Вольтер (Акимова) - страница 163

Был ли он справедлив, уважал ли он законы, щадил ли он права человечности, когда отягощал свой народ налогами? Когда, чтобы поддержать свои неосторожные мероприятия, он придумывал тысячи новых поборов, вроде гербовой бумаги, из-за которых произошли восстания в Ренне и Бордо? Когда в 1691 году 80 налоговыми эдиктами он разорил 80 тысяч семей? Когда в 1693 году он исчерпал их терпение и усугубил их нищету еще 60 эдиктами? Когда он выпускал кредитные билеты, которыми расплачивался со своими подданными и которых не принимал от них к уплате? Когда в 1704 году он предписал, чтобы эти билеты, потерявшие до 12–15 процентов, принимались во всех отраслях торговли как наличные деньги?
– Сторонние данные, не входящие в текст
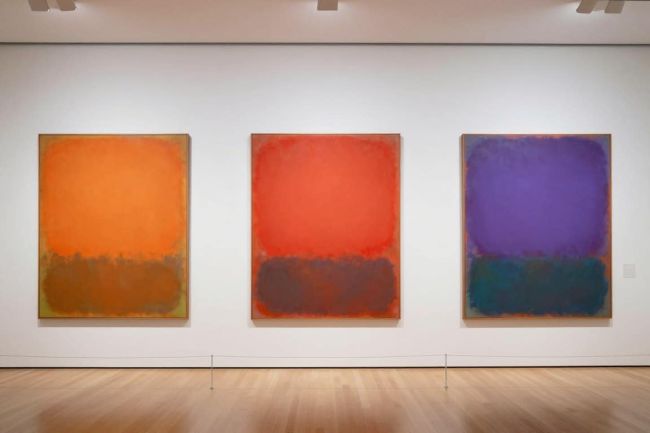 Museum gallery installation of multiple Mark Rothko paintings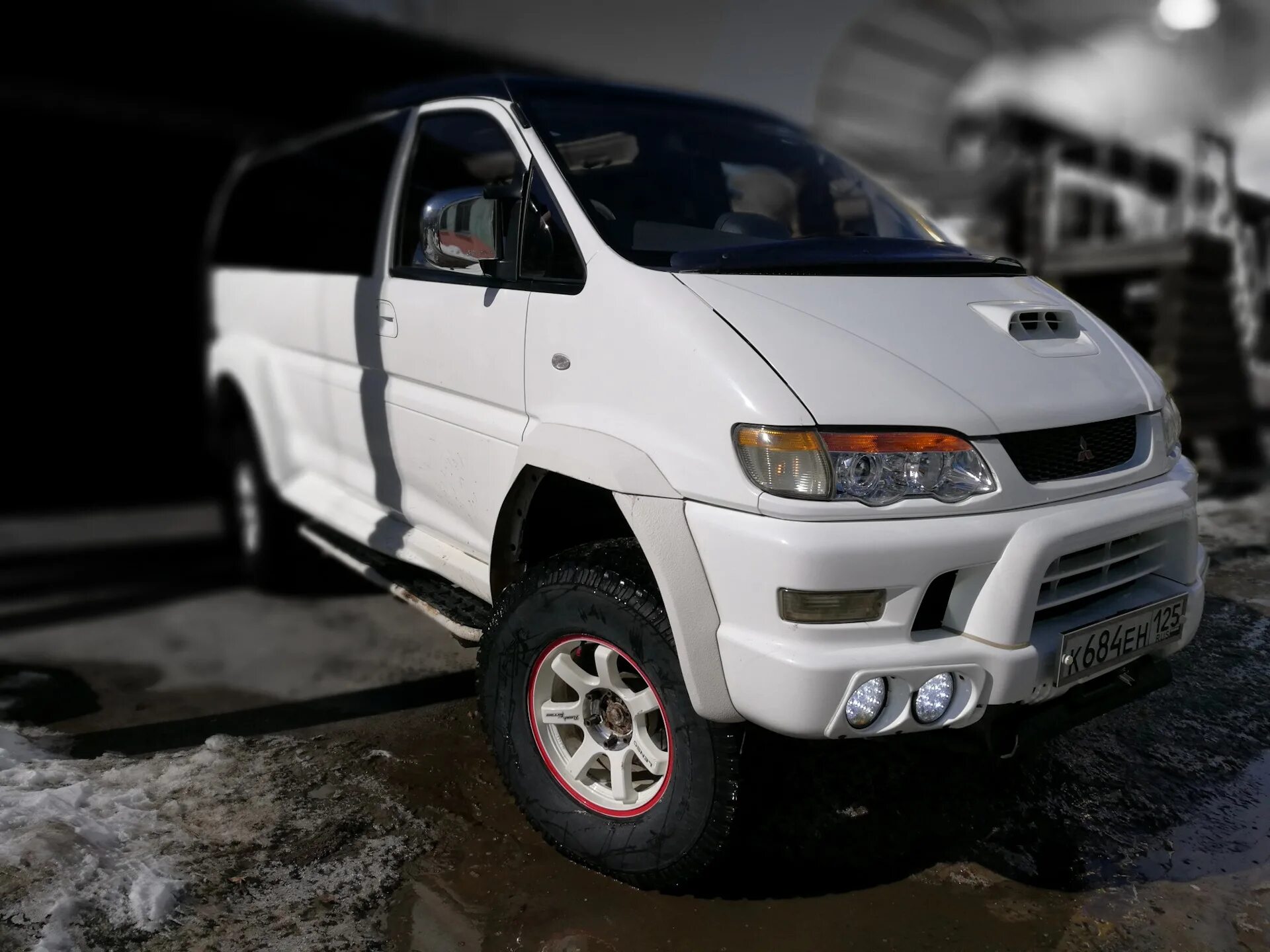 Mitsubishi Delica l 400 белый. Mitsubishi Delica Mitsubishi Delica. Мицубиси Делика 1995. Мицубиси Делика белая. Дром ру митсубиси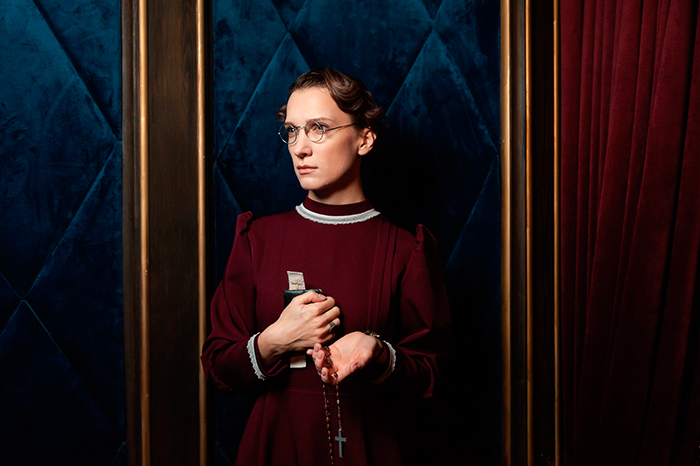 кадр Чёрный шёлк 4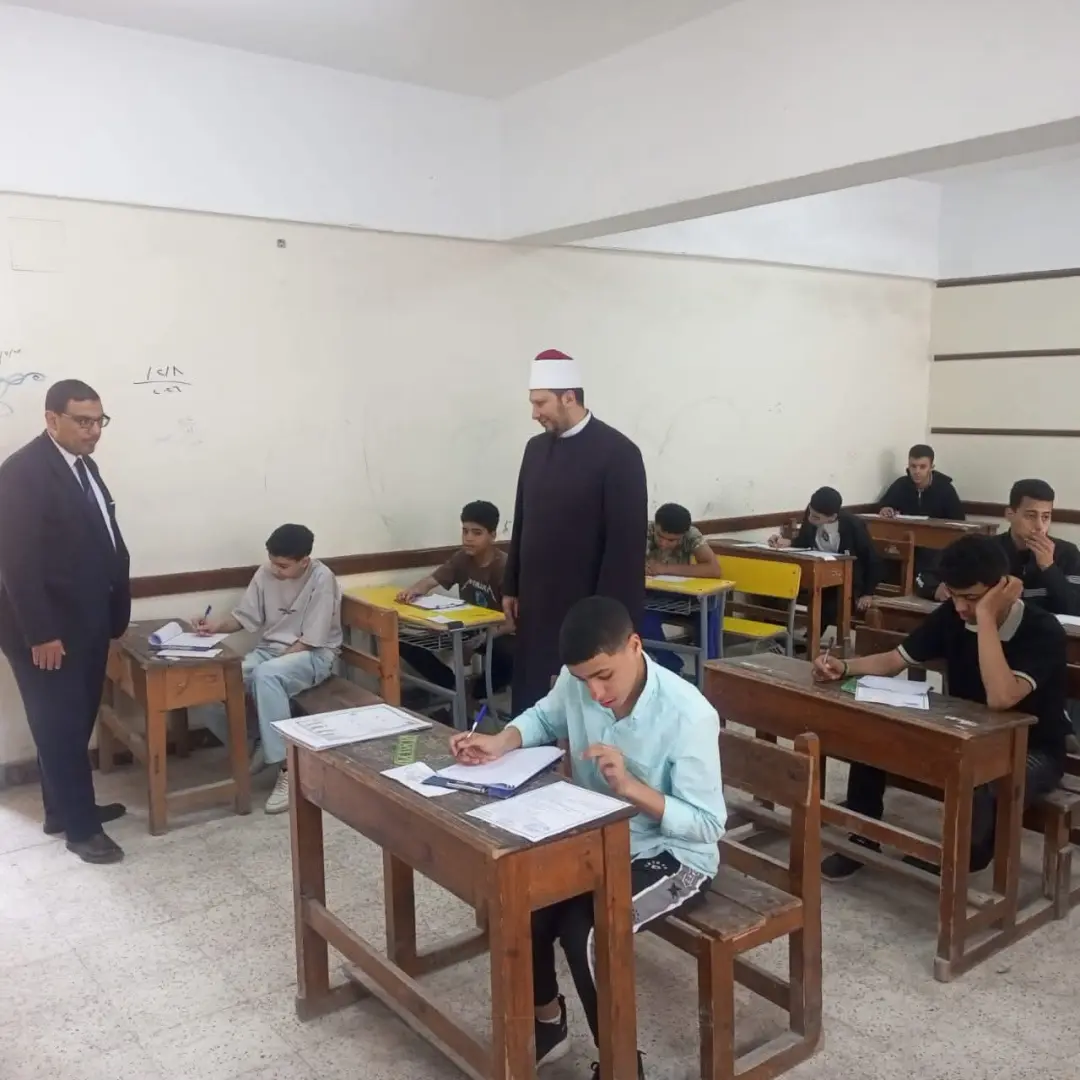 رئيس منطقة الإسكندرية الأزهرية يواصل متابعته الميدانية لِلجان الشهادتين الابتدائية والإعدادية - 1000652645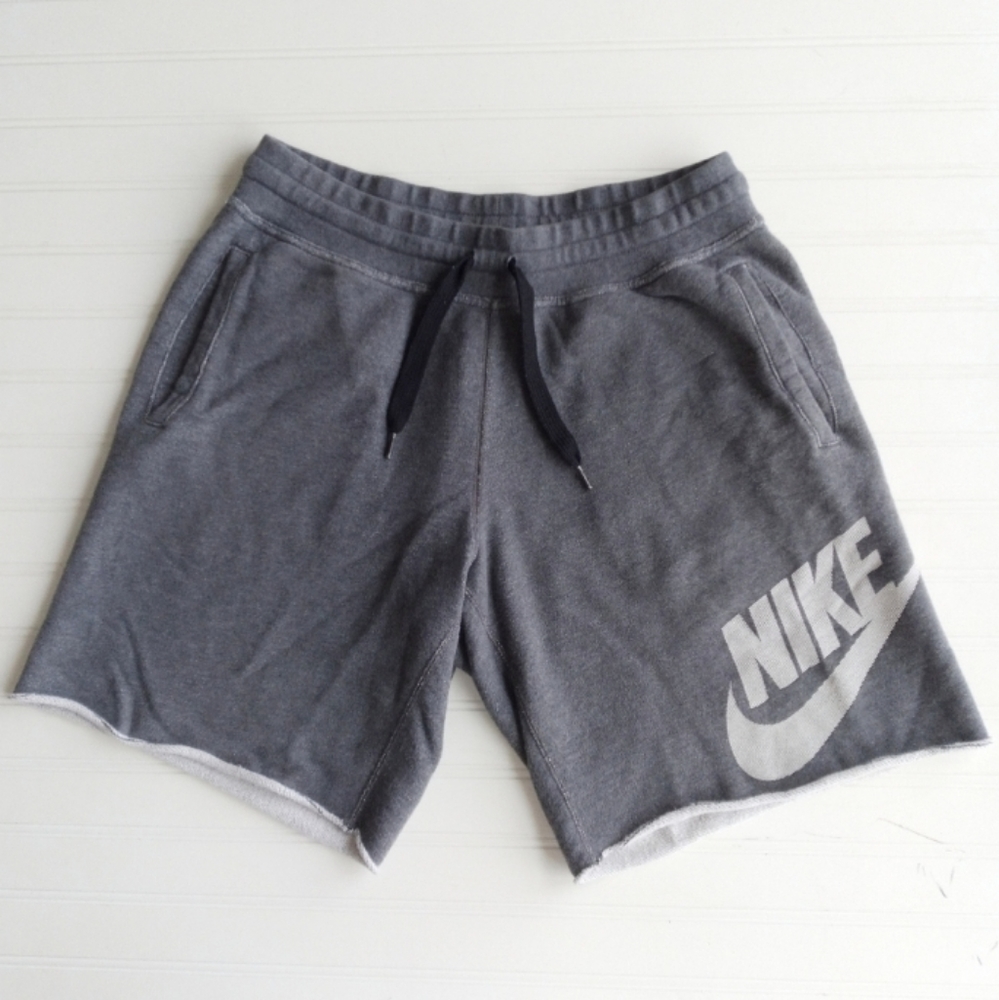 Nike Men's Gray Sweatpant Shorts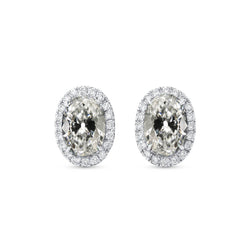 Luxury Brilliant Diamond Drop Earrings – 6.50 ct 14 Karat White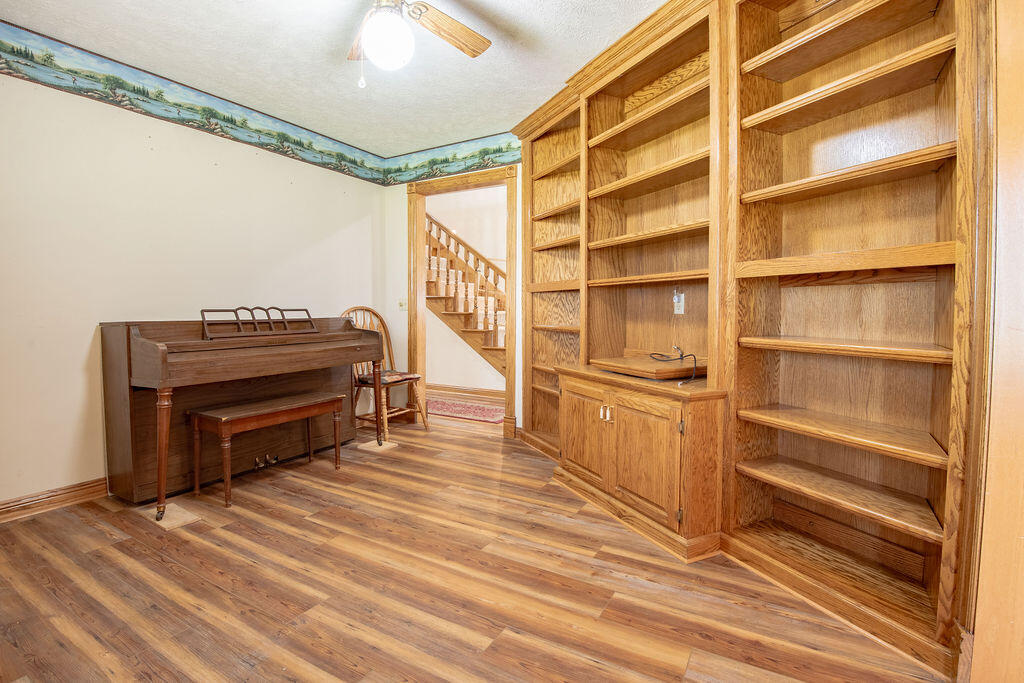 4181 North Farm Road 35 Property Photo 25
Когда каждый год он отягощал государство миллионной рентой, — не для того, однако, чтобы поощрять промышленность или защищать границы, а чтобы давать празднества и строить Версаль?..

Покровительствовал ли он законам, способствовал ли он отправлению правосудия, совершал ли он великие деяния на благо общества, возвеличивал ли он Францию выше всех монархий на земле, когда, чтобы подкопаться под основы эдикта, дарованного одной пятой нации, он в 1676 году отсрочил на три года уплату долгов новообращенным? Когда в 1679 году он запретил верховным судам назначать гугенотов судьями? В 1680 году запретил акушеркам оказывать помощь беременным женщинам? Когда он отнял у всех подданных право менять свои мнения? У больных — утешение спокойной смерти? Когда декларацией от 17 июня 1681 года он разрешил семилетним детям переходить в католичество и тем самым уходить из-под родительской власти? Когда позволил церковным старостам терзать совесть агонизирующих? Иезуитам — захватить Седанскую академию? Госпиталям — присваивать имущество, оставленное по завещаниям для бедных протестантов?» (Lettres de Mr. de la Baumelle à Mr. de Voltaire, p. 88–91.)

Самое поразительное, что противники, чего не понимал Вольтер, оба принадлежали к французскому Просвещению, Гордон считает — к его буржуазному крылу. Я не сторонница столь категорических социологических определений, тем более что Вольтер, являя собой ранний этап Просвещения, выступал от имени недифференцированного третьего сословия. Но не могу не согласиться с объяснением исследователем отсутствия между ними единства тем, что «Вольтер с его ставкой то «на философа на троне», Фридриха II, то на «Семирамиду Севера», Екатерину II, представляет в Просвещении реформистское начало, а Лабомель — его радикальную, боевую сущность».

Но, на мой взгляд, Л. С. Гордон недооценивает эволюцию Вольтера, страдания, им испытываемые оттого, что, так любя свободу, он вынужден был жить при королях, счастья, его обуревавшего, когда он сам себе стал королем. Об этом уже говорилось и будет еще говориться в моей книге.